WHAT THE EXERCISE ASKS: The result should be the full listing copied exactly, with no pictures in it.

SOURCE DATA:
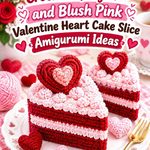 Crochet Ruby Red and Blush Pink Valentine Heart Cake Slice Amigurumi Ideas
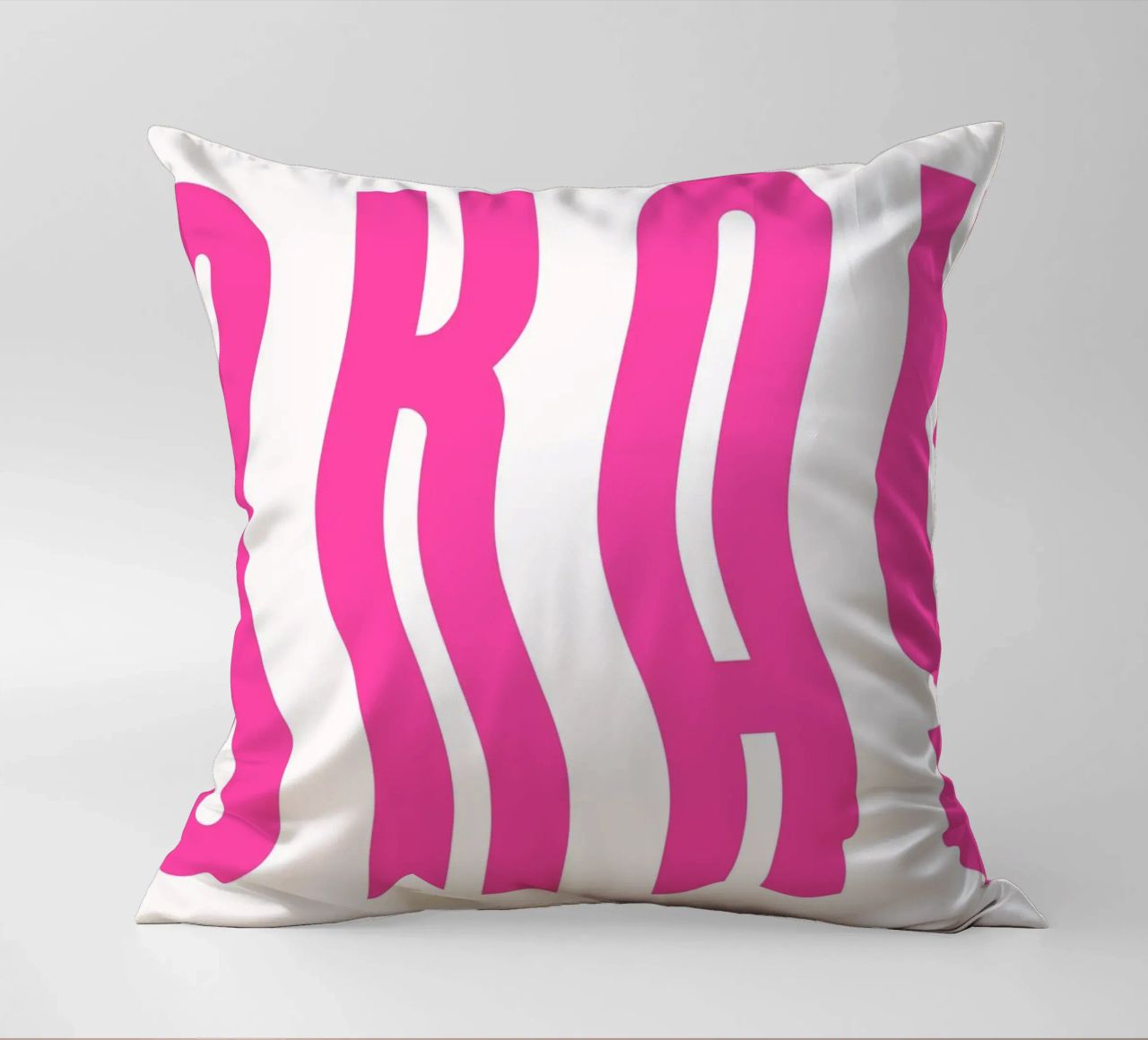 Typographic Art | Wavy OKAY Text Print decorative cushion by NorwesClub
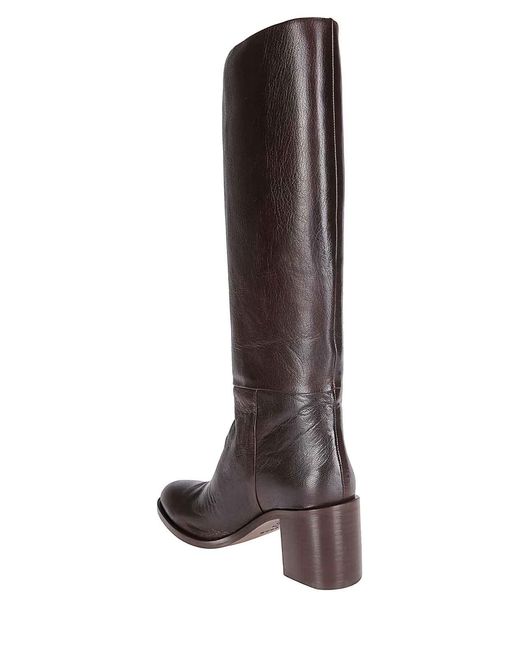 P.A.R.O.S.H. Brown Mid-Heeled Leather Boots With Minimalist Design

SOLUTION FOR THIS TASK:
 Crochet Ruby Red and Blush Pink Valentine Heart Cake Slice Amigurumi Ideas
 Typographic Art | Wavy OKAY Text Print decorative cushion by NorwesClub
 P.A.R.O.S.H. Brown Mid-Heeled Leather Boots With Minimalist Design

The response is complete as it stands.